I just got home from another day of errand and visiting today, this make the fourth day in a row. My house looks like a tornado has flown through and left other peoples junk.(because I know my children wouldn't leave so much stuff all over the place) I went today and took a volunteer class at the negotiators school so that I may be able to go on field trips, help the teacher in class, or donate my time cleaning outside and planting flowers. Then I went to visit my Grandma for a bit before heading home with a sleeping tank and grumpy mechanic. Upon entering my messy home my first thought was have I over done it? Do I really have time to donate at the school when my house is always running away while I chase it with the broom? Then I start to get a little anxiety flowing, I feel the guilt of being gone doing other things the past four days when I should have been here cleaning and getting furniture moved about. All of a sudden I had an epiphany!
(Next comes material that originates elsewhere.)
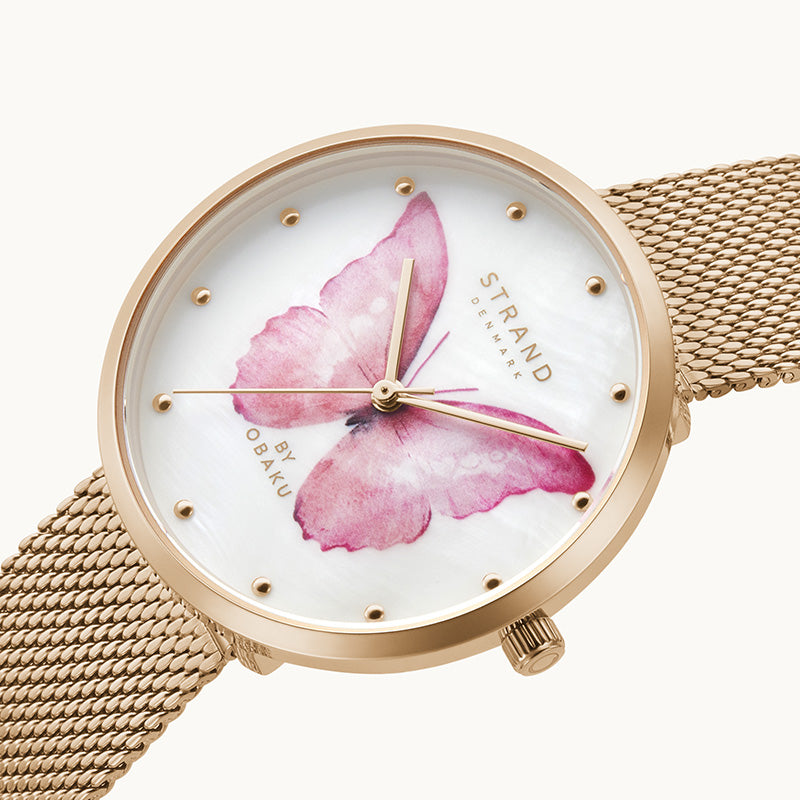 PINK BUTTERFLY-ROSE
Duh, I'm living my life. I am doing exactly what God intended. I let the guilt go.(goodbye and good riddance) I will do what is in my power to do, but I will not miss time with my family to clean. I do like things in order but most of the time I go around freaking out that as soon as one mess is cleaned up another waits. It can totally ruin a good day if I let it and so I will be trying my hardest not to let it. So I will think a little like my dear Grandma and be thankful for what I've got. So thank you God for this beautiful Tuesday and letting me spend a little of it with my mom, niece, woody, grandma, uncle olbern, and of course my youngins.